While this wasn’t east to accept at first; because it meant suddenly finding myself at sea with nobody on my side and nothing to hold on to; it is much easier to
understand accept now. Being faced with considerable differences of opinion with friends you once agreed on with everything, shows you that things change, and where they now stand. It shows you that there will come a point when you suddenly find out that you want to cherish a new development in your life, with yourself first rather than the person you once went to with every little update. It means you will realise one day that you only enjoy going out drinking and indulging in mindless banter some of the time, rather than all of the time. Sometimes its a comes in the form of a rude shock when you realise the friends you once felt completely in sync with, the ones you shared everything with, will not feel the same anymore. Things change. People change. And it is best to accept it and move on.

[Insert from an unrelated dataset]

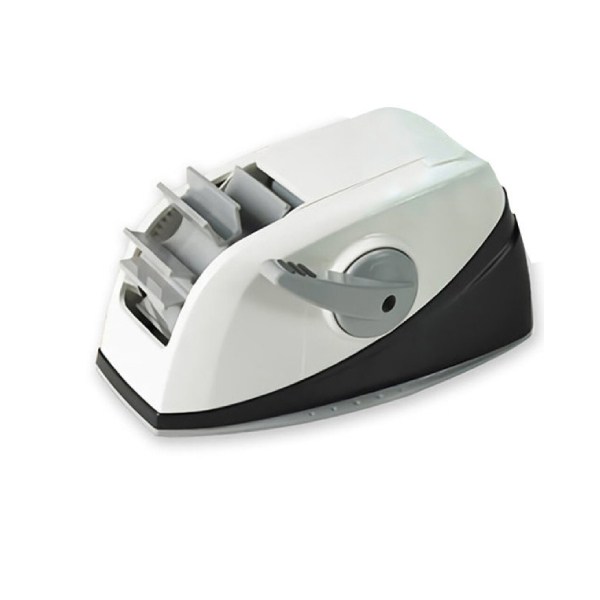 3M)원터치테이프컷터기(1인치코어테이프사용), 1개, 검정(M326092) 49,800원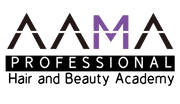 AAMA-Academy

Like I said nothing prepared me enough. It is the sort of change we underestimate. Until there comes a time when the change is so stark and apparent, and the gap between where you were and where you are is so wide, that it becomes much easier to stand at the edge, look out and see all the friends you once knew and held close standing before you, far far away, on the other bank. It becomes abundantly clear, which ones you’re still holding on to. They’re the ones who call a spade a spade, acknowledge this change and move with you. The ones who don’t depend on everyday phone calls as a sign of still being in touch. They’re the ones who I can chat with even after weeks of not having spoken, and know that nothing has changed and there is always something in common that binds us. They’re the ones I have found new wavelengths with, because our friendship grew beyond the realm of the teenage bonhomie we once shared. And then there are the new ones. The ones I made in this new phase of life. Some in Panjim. Some through the blog. People I meet every week, some once, twice, some never. Yet, with them I share a deep bond, deeper than with some of the friends I have known all my life.

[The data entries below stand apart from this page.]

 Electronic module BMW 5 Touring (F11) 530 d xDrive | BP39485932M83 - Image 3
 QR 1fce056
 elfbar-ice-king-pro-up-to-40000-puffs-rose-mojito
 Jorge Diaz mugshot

Things change, and you realise that your definition of the friends you depend on no longer stays limited to the people you serially hang out with. Its the people with whom you can effortlessly move from one phase into another. With them there is a mutual acceptance of life having shifted gears, and things inevitably moving with it. I find I have less in common with those that stick to the old me. I have no patience for those who cling to old grudges, harbour bitter old fights and petty teenage feelings. In moving on, I feel I have quickly shed the tenacity I once had, of indulging in long-drawn conversation, justifying myself to repeatedly fix a strong basis of trust and friendship. I no longer want to entangle my friendship with the complexities of ego-battles, emotional-dependencies and personal-complexes. The few friends I have now, are hassle-free, we understand each other minus the burden of past, without the pressures of the future. And we know that when the time comes and we need to reach out, we’ll be there for each other, no questions asked.
Over time i have seen the very crux of my sense of fellowship crumble and take shape again. In a completely new, changed avatar.
How do things change so much?
I’ve asked myself the question over and over again, these past three years. Several events have brought the thoughts back to mind. And finally I found the answer yesterday.
Things don’t change. We do.
Some of my friends get that. Some don’t. It’s something I used to break my head over. To explain, convince, validate and justify what this change is. But like I said before, it is inexplicable. I cannot put it in words. Those who see it, know it, and we’re fine. We’re able to move on like nothing really changed. But for those, the hurt of having to let go of the past and move into the future will forever be a cog in the wheel. And painfully, I find I have less and less time to waste in waiting around and holding on. I’ve let go and moved on.
Things don’t change. We do. Because we must.